Broome's Cable Beach is a dreamy location for the annual Shinju Matsuri Long Table Dinner, where diners 'eat between the tides'.
Story Therese Hall Photo Julia Rau
Dressed in tropical finery - sans shoes - hundreds of diners descend onto Broome's Cable Beach just before the setting sun clips the western horizon. The sand is soft underfoot as they make their way down a path from a grassy platform outside the Surf Lifesaving Club, where cocktails and canapés had been served, to the silvery expanse of sand at dead low tide.
Tables set with beach-chic elegance await them. But first there's a remarkable sight to soak in. When the sun's golden orb hits the horizon and light dances over glistening wet sand, diners can't take their gaze off it. Fortunately, the four-course Shinju Matsuri Sunset Long Table Dinner has yet to be served, so there's plenty of time to soak it up. "That was definitely one of the defining moments of the evening," says Three Blue Ducks chef Darren Robertson, who presented the 2017 dinner. "We were pretty frantic plating the first course, but we just kind of stopped and looked - it was just one of those moments."
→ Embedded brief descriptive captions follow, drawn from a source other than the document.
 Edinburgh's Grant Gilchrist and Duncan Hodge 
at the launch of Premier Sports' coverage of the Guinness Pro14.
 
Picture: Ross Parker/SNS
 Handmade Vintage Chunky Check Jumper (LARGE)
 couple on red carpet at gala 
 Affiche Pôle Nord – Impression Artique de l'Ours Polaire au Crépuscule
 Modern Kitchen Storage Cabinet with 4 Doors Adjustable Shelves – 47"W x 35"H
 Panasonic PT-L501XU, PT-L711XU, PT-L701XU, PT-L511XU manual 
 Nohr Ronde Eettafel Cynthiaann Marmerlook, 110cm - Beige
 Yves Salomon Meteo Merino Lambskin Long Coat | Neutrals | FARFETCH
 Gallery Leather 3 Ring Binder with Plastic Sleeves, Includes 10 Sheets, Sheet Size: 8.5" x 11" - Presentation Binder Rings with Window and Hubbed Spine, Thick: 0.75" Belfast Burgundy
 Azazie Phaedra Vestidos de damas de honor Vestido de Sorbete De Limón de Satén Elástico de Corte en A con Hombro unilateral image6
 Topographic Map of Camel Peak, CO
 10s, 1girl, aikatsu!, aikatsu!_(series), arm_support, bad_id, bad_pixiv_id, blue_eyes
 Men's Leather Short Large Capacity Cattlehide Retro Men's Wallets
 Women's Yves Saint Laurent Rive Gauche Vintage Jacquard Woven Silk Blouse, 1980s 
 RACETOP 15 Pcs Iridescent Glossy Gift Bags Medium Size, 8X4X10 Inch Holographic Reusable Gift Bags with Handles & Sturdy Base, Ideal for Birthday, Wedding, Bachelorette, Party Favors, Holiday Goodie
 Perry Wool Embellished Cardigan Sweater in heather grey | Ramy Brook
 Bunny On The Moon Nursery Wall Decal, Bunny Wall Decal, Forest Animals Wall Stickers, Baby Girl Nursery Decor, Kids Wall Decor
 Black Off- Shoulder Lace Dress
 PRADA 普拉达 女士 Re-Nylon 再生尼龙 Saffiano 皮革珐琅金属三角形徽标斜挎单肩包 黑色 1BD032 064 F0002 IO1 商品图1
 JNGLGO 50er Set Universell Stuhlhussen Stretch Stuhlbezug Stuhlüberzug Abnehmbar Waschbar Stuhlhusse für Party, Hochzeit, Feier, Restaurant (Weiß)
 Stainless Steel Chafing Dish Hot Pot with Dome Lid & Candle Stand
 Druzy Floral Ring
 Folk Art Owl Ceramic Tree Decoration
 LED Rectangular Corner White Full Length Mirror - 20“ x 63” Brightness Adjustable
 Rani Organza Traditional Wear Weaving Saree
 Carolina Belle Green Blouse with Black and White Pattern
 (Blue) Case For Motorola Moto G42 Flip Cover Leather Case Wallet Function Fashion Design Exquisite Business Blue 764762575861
The Shinju Matsuri Sunset Long Table Dinner comprises a series of 'ah-ha' moments such as these. Now in its fourth year, it's the pinnacle event of a 10-day cultural festival with roots deep in Broome's psyche. Japanese for 'Festival of the Pearl', Shinju Matsuri rekindles the romance of Broome's pearling past, when Japanese, Chinese, Malay, Filipino and Europeans converged on the Kimberley outpost to dive for pearl shells and crew on luggers.